Cellulosic ethanol, a more eco-friendly version derived from switch grass or wood chips, is several years away. Maryland-based Algenol says it can solve the problems by making ethanol from algae, starting next year.
The start-up recently agreed to license its technology to BioFields, which plans to build an $850 million saltwater algae farm in Mexico's Sonoran Desert and churn out 100 million gallons of ethanol the first year. It will sell the gasoline substitute to Mexico's state-run oil monopoly.
A handful of companies are working on turning the abundant marine organism into biodiesel. That requires growing algae and killing them to extract their oil, a time-consuming and expensive process.
Algenol adds enzymes to the organisms to enhance their normally limited ability to convert sugar into ethanol, a waste product. To maximize ethanol production, the algae are placed in regions with abundant sunlight and grown in 50-foot long tubes filled with seawater. Ethanol is captured as a gas in the bottle and condensed to a liquid. Since algae aren't destroyed, the same ones keep yielding ethanol, holding down costs.
Algenol CEO Paul Woods says production costs are half those of corn-based ethanol, and the fuel will wholesale for $1 less than gasoline. His goal: Woods wants to build 20 plants in sunny areas such as Texas and Florida to generate 20 billion gallons of ethanol by 2020. "We don't have any limitations, because we're not competing with the food supply," Woods says.
Philip Pienkos, of the National Renewable Energy Laboratory, says Algenol's goal is "definitely doable." But he says there will still be a need for fuels with higher energy content than ethanol.
Facilities put stored air to work when wind dies
Wind farms are sprouting across the country as wind energy costs become competitive with those of coal-fired power plants. But there's a rub: no wind, no electricity.
Batteries can store electricity generated by wind for use on a day when the wind doesn't blow. But they're expensive.
PSEG Global, a sister company of a New Jersey utility, says it has the answer. It recently teamed with energy storage pioneer Michael Nakhamkin to market compressed-air technology.
Here's how it works: During off-peak hours, wind turbines compress air that's stored in underground caverns or in more expensive above-ground tanks. The air is released at peak periods to run turbines and generate power when gusts flag.
The nation's only compressed-air generator was built in Alabama in 1991. PSEG says it has improved on the technology and hopes to deploy it with power providers.
PSEG says its advanced system can transform the industry. It's about half the price of batteries, partly because it uses off-the-shelf power-industry parts rather than customized compressed-air gear.

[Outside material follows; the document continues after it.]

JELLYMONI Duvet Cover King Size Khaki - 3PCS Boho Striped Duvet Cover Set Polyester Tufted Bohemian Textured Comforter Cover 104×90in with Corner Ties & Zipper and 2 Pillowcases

The technology is more than 25% cheaper than current systems, says Stephen Byrd, president of PSEG Energy Holdings.
Also, it can generate electricity in five minutes, vs. current systems that take 20 minutes. That's vital if the wind suddenly stops blowing. "It really is likely to further enable the growth of renewable" energy, Byrd says.
While the system is largely designed to supplement intermittent wind or solar power, it can be used to stockpile cheap electricity at night and use it midday when the grid is strained.
Energy consultant Stow Walker says it sounds promising, but finding suitable underground storage can be challenging.